Discrete Event Simulation Modeling
The great majority of processes we observe in the world consist of continuous changes. However, when we try to analyze these processes it often makes sense to divide a continuous process into discrete parts to simplify the analysis. Discrete Event Modeling techniques approximate continuous real-world processes with non-continuous events that you define.
Here are some examples of events:
a customer arrives at a shop,
a truck finishes unloading,
a conveyor stops,
a new product is launched,
inventory levels reaches a certain threshold, etc.
In discrete event modeling the movement of a train from point A to point B would be modeled with two events, namely a departure event and an arrival event. The actual movement of the train would be modeled as a time delay (interval) between the departure and arrival events. This doesn't mean however that you can't model the train as moving. In fact, you can produce visually continuous animations for logically discrete events.
The term Discrete Event is however mainly used in the narrower sense to denote "Process-Centric" modeling that suggests representing the system being analyzed as a sequence of operations being performed on entities (transactions) of certain types such as customers, documents, parts, data packets, vehicles, or phone calls. The entities are passive, but can have attributes that affect the way they are handled or may change as the entity flows through the process. Process-centric modeling is a medium-low abstraction level modeling approach. Although each object is modeled individually as an entity, typically the modeler ignores many “physical level” details, such as exact geometry, accelerations, and decelerations. Process-centric modeling is used widely in the manufacturing, logistics, and healthcare fields.

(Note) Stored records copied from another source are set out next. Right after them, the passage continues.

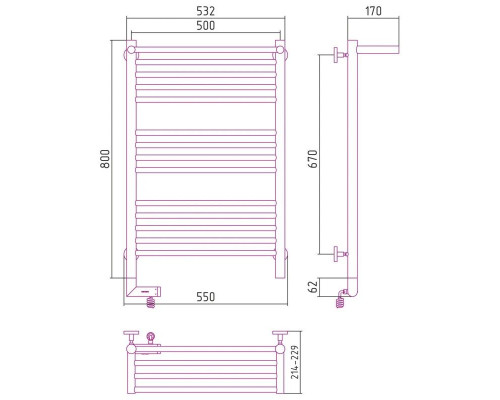 Приобрести Полотенцесушитель электрический 800х500 состаренная латунь МЭМ правый Сунержа Богема с полкой 2.0 051-5207-8050 в магазине сантехники Santeh-Crystal.ru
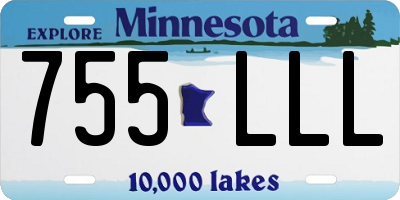 MN license plate 755LLL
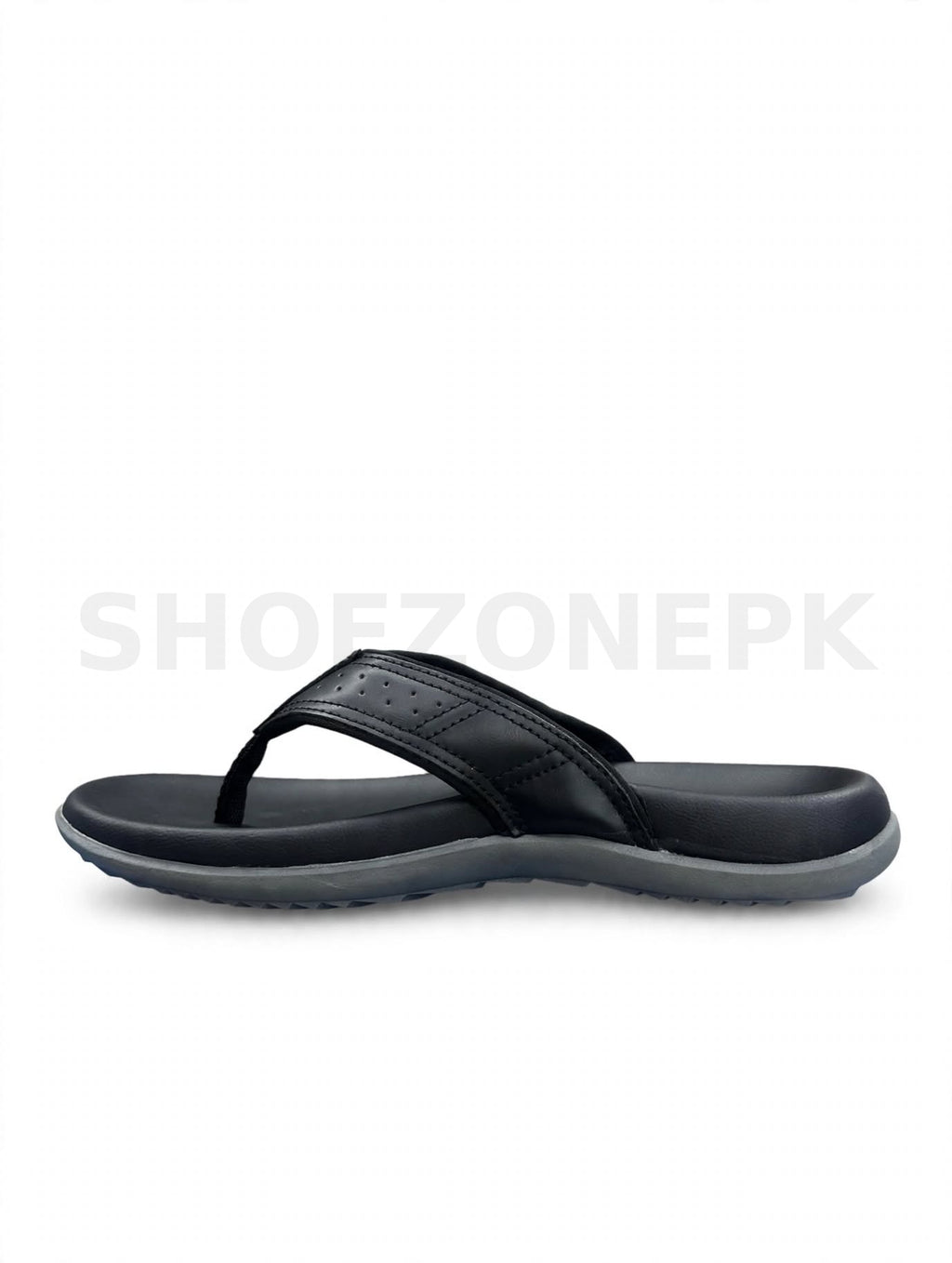 Leather Thong Flip Flop All Black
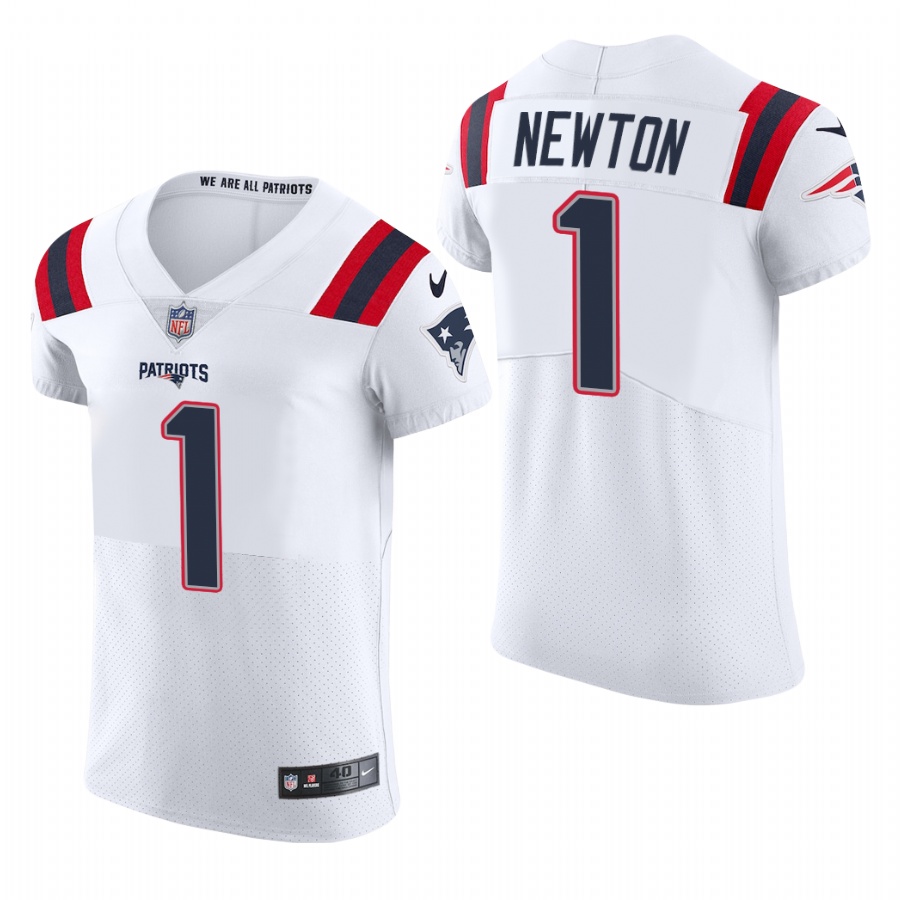 Personalized New England Patriots #1 Cam Newton Men’s White Team Color Men’s Stitched NFL 2020 Untouchable Elite Jersey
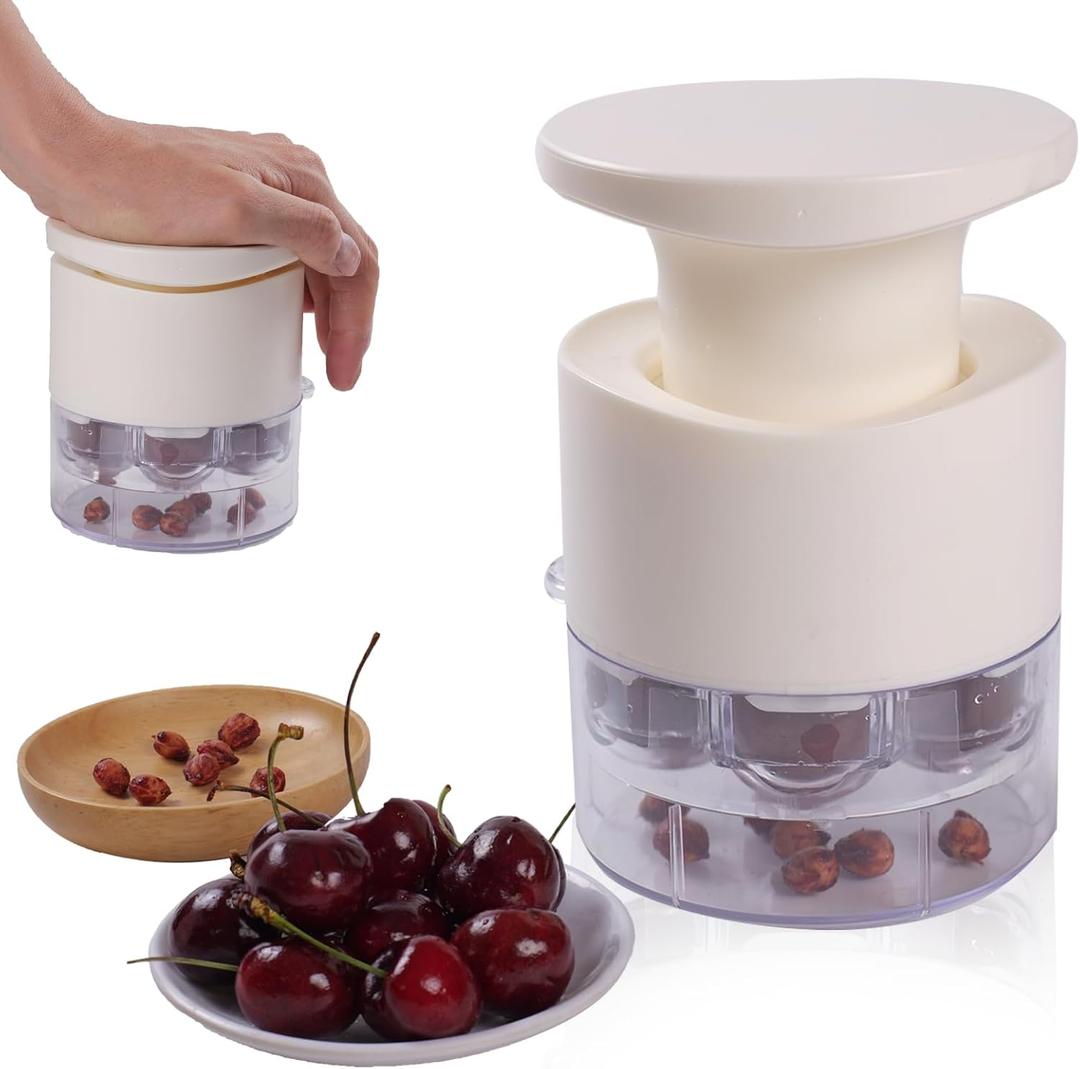 Cherry Pitter, 7-in-1 Multi Cherry Pitter Tool for Multiple Cherries, Quick Pit Remover and Cherry Seed Remover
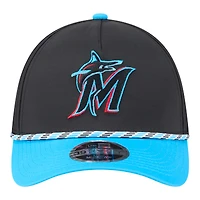 Men's New Era Black/Blue Miami Marlins Rope M-Crown A-Frame 39THIRTY Flex Hat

Discrete event modeling techniques should be used only when the system under analysis can naturally be described as a sequence of operations. It is not always clear for any given modeling project which of the three modeling paradigms is best. For example, if it is easier to describe the behavior of each individual entity than trying to put together a global workflow, agent based modeling may be the way to go. Similarly, if you are interested in aggregates and not in individual unit interaction, system dynamics may be applied. Our logic tool solution supports all three modeling approaches, so you can experiment with the abstraction levels and modeling approach without needing multiple tools.
The process modeling library
The primary toolkit for discrete event modeling is called the Process Modeling Library. The Process Modeling is a collection of objects for defining process workflows and their associated resources. All objects are highly customizable. Their parameters can be changed dynamically and their actions may depend on the entity's attributes. Objects have “onEnter/onExit” extension points that let you define the actions that need to be performed on the entities going through the process. The Process Modeling Library-based model components can naturally inter-operate with system dynamics and agent based components or with primitives such as events or state charts.
If the system you are modeling is complex, it makes sense to break it down into components and model them separately in different objects. You can define sub-process start and end points, expose them as the interface of the model component and hide the sub-process implementation. At the top level of the model you will be instantiating and connecting those high-level components together. As any object can be instantiated and parameterized many times this also provides a good basis for component reuse within one model or across models.
The Process Modeling Library works closely with the presentation/animation framework and enables you to develop very sophisticated process animations. The animations can be made hierarchical with multiple 2D or 3D views. For example, the high-level view on the process may show only key aggregate indicators, but you can switch to the components view with a detailed sub-process animation.